Script for October 2002, QMH:

Dirdy Birdies Jug Band - masculine women feminine men (2001)

Hello, welcome to Queer Voices on KPFT, and this segment is called Queer Music Heritage. I'm JD Doyle. This is kind of a special edition of the show, as the theme is Gender Benders. The whole show will feature the music of both drag artists and transgender artists, and also a couple of songs by straight artists about the subject. And I'll have a special interview at the end.

The song you heard as the intro is called "masculine women, feminine men" and it's by the Dirdy Birdies Jug Band, and is from their album from last year. It's the newest version of this song that I know of, but it's an old song, and has been recorded at least a dozen times over the years, but it was most popular in the 1920s in England where it was apparently somewhat of a hit, as I know of at least six versions that came out around that time. I want you to hear what I think is the oldest version. It was recorded on January 29, 1926. And in my opinion it's also one of the best, as it also gives all of the verses. It's by Frank Harris, so here is his version of "masculine women, feminine men."

Frank Harris - masculine women, feminine men (1926)

That was Frank Harris, well, actually, it wasn't…as I've recently found out that was not the artist's real name, but just one of the many names used by a prolific singer from the 20s & 30s named Irving Kaufman. And, I want to mention that if you're interested in the history of the song "Masculine Women, Feminine Men," I've set up a special page of my website devoted to it.

Okay, that was by far the oldest song you'll hear on tonight's show, as I'm jumping to the 70s for the next one. It's by Bill Amesbury. Now unless you grew up in Canada you may not have heard of this artist, as he's had almost all his success there. In 1974 he had a top twenty hit in that country with the song "Virginia, Touch Me Like You Do." In 1976 he moved to a larger label, Capitol, and released an album called "Can You Feel It." The title track, with it's disco flavor, also made the Canadian charts, but I prefer this track from the album. It's called "A Thrill's A Thrill."

Bill Amesbury - a thrill's a thrill (1976)

Bill Amesbury's "A Thrill's A Thrill," which has also been recorded by Long John Baldry and Mitch Ryder. Now while that song's lyrics has gay references, the reason I'm playing Bill Amesbury on this show is that he later had a sex change and became Barbara Amesbury.

The next song is so bad it's kind of fascinating. It's from a very rare album from 1968 called "Come To Me At Tea-Time." The artist is a female impersonator named Minette, which was her real last name. Her album is different from most of the drag artist albums of those years, as it was not comedy, and the songs, all written by her, were very topical. This was 1968 and all over the news was the hippie movement, psychedelic drugs and the Vietnam war, and she dealt with all those subjects.

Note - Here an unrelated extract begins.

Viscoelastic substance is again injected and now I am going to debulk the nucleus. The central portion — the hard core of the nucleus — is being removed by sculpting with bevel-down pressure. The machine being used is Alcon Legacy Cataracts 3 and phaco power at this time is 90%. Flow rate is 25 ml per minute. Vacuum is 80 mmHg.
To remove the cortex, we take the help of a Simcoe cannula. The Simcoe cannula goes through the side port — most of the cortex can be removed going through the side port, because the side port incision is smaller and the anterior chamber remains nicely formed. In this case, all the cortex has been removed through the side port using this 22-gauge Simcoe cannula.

So I picked the song with the most out lyrics, and it's probably the only queer song you'll ever hear about Lyndon Johnson. It's called "LBJ, Don't Take My Man Away."

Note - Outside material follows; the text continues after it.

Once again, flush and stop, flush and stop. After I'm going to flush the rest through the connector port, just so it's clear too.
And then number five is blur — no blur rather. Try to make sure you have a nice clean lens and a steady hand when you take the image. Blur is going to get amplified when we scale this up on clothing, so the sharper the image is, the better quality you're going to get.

Minette - LBJ, don't take my man away (1968)

Minette's career spanned over 50 years, and in the 70s she was very involved with Charles Ludlam's Ridiculous Theatre Company, and was known to be a mentor to younger drag queens in that community. She died last year in New York at age 73.

I mentioned that many of the drag artist albums of the early years were comedy albums, and you may be familiar with names like Charles Pierce, and Rae Bourbon, but I'm going to share with you some of the more obscure artists. I'm going to give you a sample, in the form of brief excerpts, from several of their albums. I'll start off with one from Ty Bennett, who was one of the most popular female impersonators of the 60s. His only album was called "Queen For A Day." And I'll go from there right to a clip from an obscure album from New Zealand by a drag artist called Diamond Lil. First, Ty Bennett.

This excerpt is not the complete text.